“This is how they fight”

Last night during a panel discussion at Barnard College, I heard choreographer Jawole Willa Jo Zollar of Urban Bush Women talk about what she called the “pitfalls” of the radical left politics she embraced in the ’70s. Mentioning the Black Panthers and other cultural nationalist groups, she spoke of her discomfort with “reducing people to generalities.” To paraphrase, Zollar felt she could not take part in the politics of dehumanization — exactly what the left had come into being to oppose.

Oddly, during this very exchange, Zollar mentioned that she doesn’t like the word “terrorist,” because “these are poor people, without means, and this is how they fight.” With that statement, Zollar reduced the global poor to generalities.

The Zapatistas of Mexico do not engage in terrorism, even though their constituency is extremely poor and without means. ETA, the Basque movement seeking independence from Spain and France, has carried out terrorist attacks for decades, yet there are people far more downtrodden than the Basques. The 9/11 hijackers were not poor or disadvantaged. Hamas, the IRA and the Tamil Tigers of Sri Lanka are highly sophisticated, heavily armed military organizations with international financing. In this August piece for openDemocracy, Zaid Al-Ali wrote about the sectarian militias currently plaguing Iraq:

Over the past few months, guerrillas have been flowing into Baghdad from the north, west and south and have started engaging each other with a view to eliminating each other from the streets of the capital. The groups that are engaged in this struggle are working to eliminate their rivals altogether, one neighbourhood at a time.
[…]
Somewhere in Baghdad, there are people peering over a map of the city and directing operations in the way that Russian and German commanders did in Stalingrad during the second world war.

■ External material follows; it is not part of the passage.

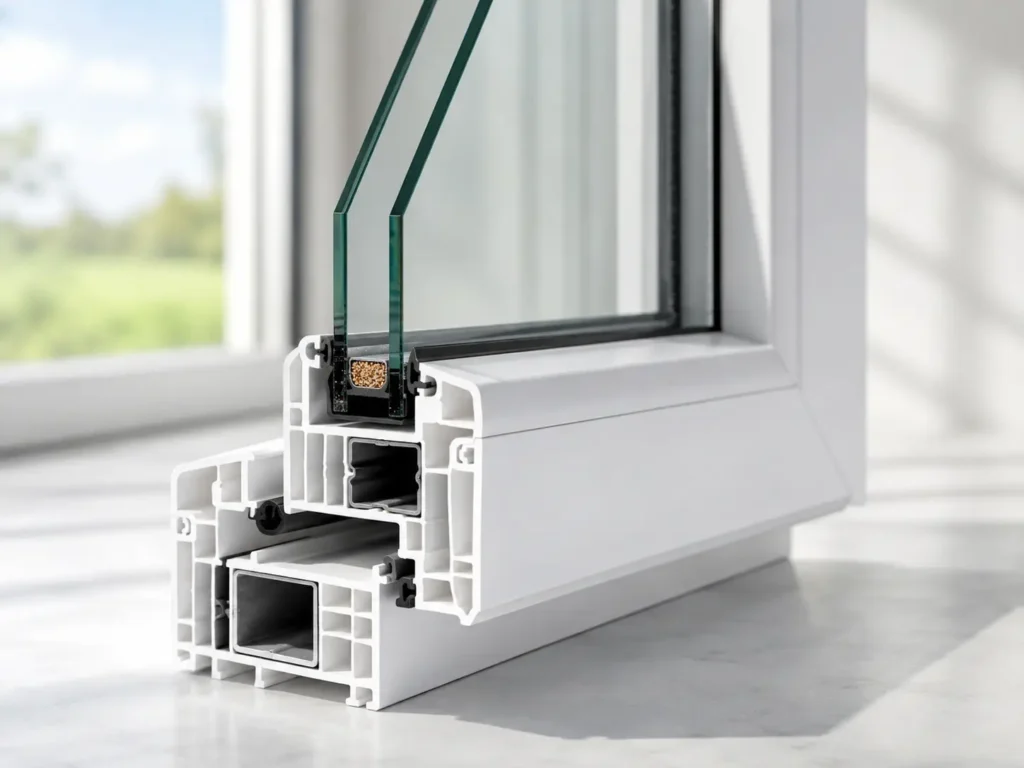 Close-up cross-section of a white uPVC vinyl window frame showing multi-chamber structure, double glazing, and weatherstripping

This is how they fight, indeed. The point is that terrorists do not represent the poor and downtrodden; rather, they all too often make it their business to kill the poor and downtrodden.

Zollar is far from the only eloquent, sensitive, progressive, humanist individual to perpetuate the myth that terrorism is the one option left to the powerless. That this view is so widely accepted on the left is an intellectual and moral calamity. The unbearably crude right-wing response to 9/11 — and the cooptation of human rights rhetoric by the rights-abusing Bush administration — has prevented the left from seeing that terrorism is in fact a human rights issue.

P.S. — By “the left” I do not mean the Democrats, and I know that I’ve been all but silent on the upcoming midterm elections. I hope to rectify that in the coming days.